En aquel tiempo, dijo Jesús a sus discípulos: «No creáis que he venido a abolir la Ley y los Profetas: no he venido a abolir, sino a dar plenitud. En verdad os digo que antes pasarán el cielo y la tierra que deje de cumplirse hasta la última letra o tilde de la ley. El que se salte uno solo de los preceptos menos importantes y se lo enseñe así a los hombres será el menos importante en el reino de los cielos. Pero quien los cumpla y enseñe será grande en el reino de los cielos. Porque os digo que si vuestra justicia no es mayor que la de los escribas y fariseos, no entraréis en el reino de los cielos. Habéis oído que se dijo a los antiguos: “No matarás”, y el que mate será reo de juicio. Pero yo os digo: todo el que se deja llevar de la cólera contra su hermano será procesado. Y si uno llama a su hermano “imbécil”, tendrá que comparecer ante el Sanedrín, y si lo llama “necio”, merece la condena de la gehenna del fuego. Por tanto, si cuando vas a presentar tu ofrenda sobre el altar, te acuerdas allí mismo de que tu hermano tiene quejas contra ti, deja allí tu ofrenda ante el altar y vete primero a reconciliarte con tu hermano, y entonces vuelve a presentar tu ofrenda. Con el que te pone pleito procura arreglarte enseguida, mientras vais todavía de camino, no sea que te entregue al juez y el juez al alguacil, y te metan en la cárcel.

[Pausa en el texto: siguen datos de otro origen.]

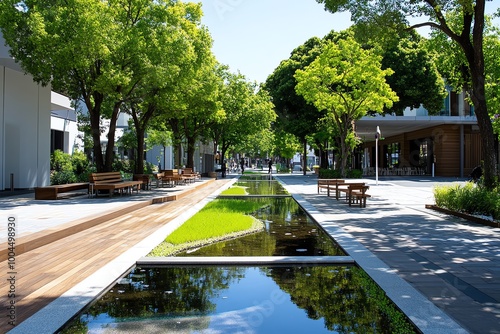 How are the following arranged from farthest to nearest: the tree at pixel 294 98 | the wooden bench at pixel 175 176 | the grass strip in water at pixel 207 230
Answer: the tree at pixel 294 98
the wooden bench at pixel 175 176
the grass strip in water at pixel 207 230

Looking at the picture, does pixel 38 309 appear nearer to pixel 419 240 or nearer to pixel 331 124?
pixel 419 240

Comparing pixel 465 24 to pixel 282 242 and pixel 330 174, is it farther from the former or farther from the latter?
pixel 330 174

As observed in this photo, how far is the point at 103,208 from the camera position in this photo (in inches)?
520

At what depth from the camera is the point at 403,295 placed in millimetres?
5289

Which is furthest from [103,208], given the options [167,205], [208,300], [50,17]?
[208,300]

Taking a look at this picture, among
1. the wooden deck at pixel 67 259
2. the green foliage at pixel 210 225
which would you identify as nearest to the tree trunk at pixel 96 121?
the green foliage at pixel 210 225

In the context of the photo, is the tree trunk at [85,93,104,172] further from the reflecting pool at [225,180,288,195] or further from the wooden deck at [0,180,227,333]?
the wooden deck at [0,180,227,333]

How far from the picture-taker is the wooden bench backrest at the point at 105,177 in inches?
677

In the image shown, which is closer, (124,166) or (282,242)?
(282,242)

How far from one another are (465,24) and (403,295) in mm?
10883

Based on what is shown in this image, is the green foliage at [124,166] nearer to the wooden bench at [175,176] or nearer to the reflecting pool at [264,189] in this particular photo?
the wooden bench at [175,176]

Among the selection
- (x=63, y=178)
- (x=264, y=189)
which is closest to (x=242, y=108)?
(x=264, y=189)

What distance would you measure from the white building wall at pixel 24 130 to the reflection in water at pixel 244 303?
16207 mm

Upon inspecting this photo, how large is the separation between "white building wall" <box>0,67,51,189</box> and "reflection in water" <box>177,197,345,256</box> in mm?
13288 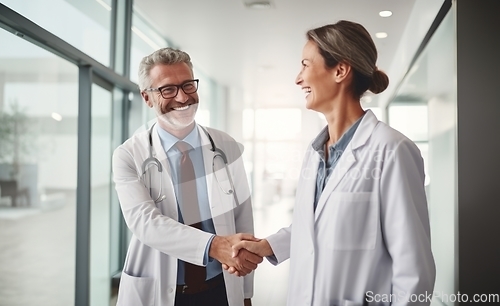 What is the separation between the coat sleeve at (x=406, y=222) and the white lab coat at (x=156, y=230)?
70cm

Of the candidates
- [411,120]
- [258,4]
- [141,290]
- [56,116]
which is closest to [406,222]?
[141,290]

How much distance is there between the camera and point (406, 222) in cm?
118

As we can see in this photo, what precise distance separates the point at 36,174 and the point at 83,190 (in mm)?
512

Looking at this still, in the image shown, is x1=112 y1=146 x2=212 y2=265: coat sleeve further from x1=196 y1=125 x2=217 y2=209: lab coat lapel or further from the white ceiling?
the white ceiling

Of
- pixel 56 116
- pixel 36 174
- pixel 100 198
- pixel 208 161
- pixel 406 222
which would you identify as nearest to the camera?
pixel 406 222

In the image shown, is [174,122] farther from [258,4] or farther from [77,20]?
[258,4]

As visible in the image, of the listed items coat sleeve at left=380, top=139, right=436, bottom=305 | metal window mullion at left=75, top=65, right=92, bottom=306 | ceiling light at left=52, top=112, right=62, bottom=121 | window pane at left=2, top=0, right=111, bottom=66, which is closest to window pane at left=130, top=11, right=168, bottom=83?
window pane at left=2, top=0, right=111, bottom=66

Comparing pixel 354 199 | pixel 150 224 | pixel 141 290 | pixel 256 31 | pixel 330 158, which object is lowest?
pixel 141 290

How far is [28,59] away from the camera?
2.40 metres

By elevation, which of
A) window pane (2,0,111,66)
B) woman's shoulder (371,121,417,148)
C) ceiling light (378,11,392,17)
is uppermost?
ceiling light (378,11,392,17)

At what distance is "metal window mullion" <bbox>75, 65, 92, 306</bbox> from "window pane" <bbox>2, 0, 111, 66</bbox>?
22 cm

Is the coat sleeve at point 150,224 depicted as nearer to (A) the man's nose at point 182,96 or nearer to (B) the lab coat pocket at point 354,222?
(A) the man's nose at point 182,96

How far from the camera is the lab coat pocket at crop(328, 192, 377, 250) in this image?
125 cm

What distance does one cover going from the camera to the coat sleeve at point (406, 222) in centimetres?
118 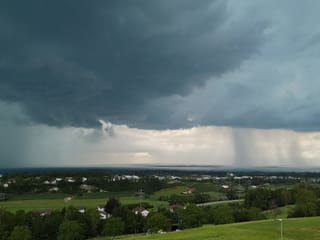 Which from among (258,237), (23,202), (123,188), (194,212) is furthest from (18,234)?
(123,188)

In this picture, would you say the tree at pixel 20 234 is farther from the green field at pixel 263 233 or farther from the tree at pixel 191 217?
the green field at pixel 263 233

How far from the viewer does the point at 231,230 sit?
5094 cm

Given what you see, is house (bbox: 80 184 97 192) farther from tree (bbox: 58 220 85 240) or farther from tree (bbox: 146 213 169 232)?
tree (bbox: 58 220 85 240)

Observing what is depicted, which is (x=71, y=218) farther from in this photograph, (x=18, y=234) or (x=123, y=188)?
(x=123, y=188)

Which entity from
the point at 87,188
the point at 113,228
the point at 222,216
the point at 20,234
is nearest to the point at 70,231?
the point at 20,234

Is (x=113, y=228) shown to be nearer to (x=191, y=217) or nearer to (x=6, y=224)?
(x=191, y=217)

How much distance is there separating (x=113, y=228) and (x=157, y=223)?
8797 mm

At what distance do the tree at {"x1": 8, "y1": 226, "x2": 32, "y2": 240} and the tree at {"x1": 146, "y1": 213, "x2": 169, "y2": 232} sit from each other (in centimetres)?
2302

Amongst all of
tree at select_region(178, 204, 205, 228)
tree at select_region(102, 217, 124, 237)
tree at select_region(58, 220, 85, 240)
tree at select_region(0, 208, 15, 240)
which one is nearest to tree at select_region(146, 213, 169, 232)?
tree at select_region(178, 204, 205, 228)

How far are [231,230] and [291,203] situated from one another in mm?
85106

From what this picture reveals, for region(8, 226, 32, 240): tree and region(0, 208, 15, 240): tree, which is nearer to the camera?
region(8, 226, 32, 240): tree

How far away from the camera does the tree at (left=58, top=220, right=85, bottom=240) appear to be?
246ft

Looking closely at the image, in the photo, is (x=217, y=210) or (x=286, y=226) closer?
(x=286, y=226)

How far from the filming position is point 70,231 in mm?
75562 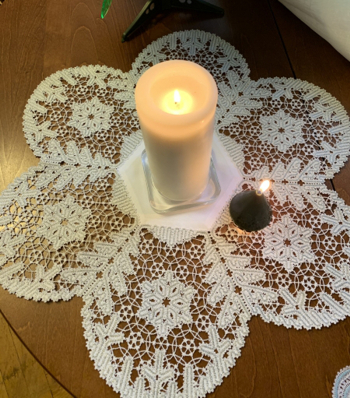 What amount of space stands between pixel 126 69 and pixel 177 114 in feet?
1.15

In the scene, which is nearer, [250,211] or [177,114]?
[177,114]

En verdad te digo que no saldrás de allí hasta que hayas pagado el último céntimo.

Habéis oído que se dijo: “No cometerás adulterio”. Pero yo os digo: todo el que mira a una mujer deseándola, ya ha cometido adulterio con ella en su corazón. Si tu ojo derecho te induce a pecar, sácatelo y tíralo. Más te vale perder un miembro que ser echado entero en la gehenna. Si tu mano derecha te induce a pecar, córtatela y tírala, porque más te vale perder un miembro que ir a parar entero a la gehenna. Se dijo: “El que repudie a su mujer, que le dé acta de repudio”. Pero yo os digo que si uno repudia a su mujer —no hablo de unión ilegítima— la induce a cometer adulterio, y el que se casa con la repudiada comete adulterio. También habéis oído que se dijo a los antiguos: “No jurarás en falso” y “Cumplirás tus juramentos al Señor”. Pero yo os digo que no juréis en absoluto: ni por el cielo, que es el trono de Dios; ni por la tierra, que es estrado de sus pies; ni por Jerusalén, que es la ciudad del Gran Rey. Ni jures por tu cabeza, pues no puedes volver blanco o negro un solo cabello. Que vuestro hablar sea sí, sí, no, no. Lo que pasa de ahí viene del Maligno».

Hoy nos fijamos en la frase:

            “no he venido a abolir, sino a dar plenitud”

¿Cuál es esa plenitud que viene a traer Jesús?

Sin duda ninguna es el amor. Si no se ama no se pueden cumplir ninguno de los preceptos de la ley. El amor está en el centro del cumplimiento de la ley, en el centro de la fe cristiana.

Cumplir fríamente los mandamientos, nos convierte en persona observantes de ese cumplimiento, pero si no los acompañamos de un corazón lleno de amor, no estamos unidos íntimamente a Dios. No se trata de un mero cumplimiento, sino de vivir desde muy adentro, desde nuestro interior el amor. Los preceptos de la ley de Dios, Jesús no los modifica lo que hace es darles plenitud.

Cumplir la ley no consiste, en no matar, en no cometer adulterio, en no jurar en falso, sino en no ofender, en no tener rencores, en no despreciar, en no tener egoísmos, en no odiar, en no juzgar… Lo fundamental es seguir los mandamientos viviendo el amor de Dios con libertad, haciendo que nuestros actos, pensamientos, palabras, intenciones, relaciones… salgan de nuestro interior, de un corazón sencillo, humilde, lleno del Espíritu de Dios.

La fe cristiana vivida como obligación o mero cumplimiento, se convierte en una carga pesada, en una vida anodina sin sentido y sin libertad plena. Vivirla con libertad, con alegría, guiada por la Palabra y como respuesta al amor que Dios tiene a todos sus hijos, es llevar una vida transformada y transformadora, liberadora de cargas e imposiciones y se convierte en una verdadera fuente de paz, de reconciliación, de conversión y de fraternidad.

Señor, danos la gracia de vivir una fe profunda y verdadera.

Adorado sea el Santísimo Sacramento.                              

Sea por siempre Bendito y Alabado.                                               FVR.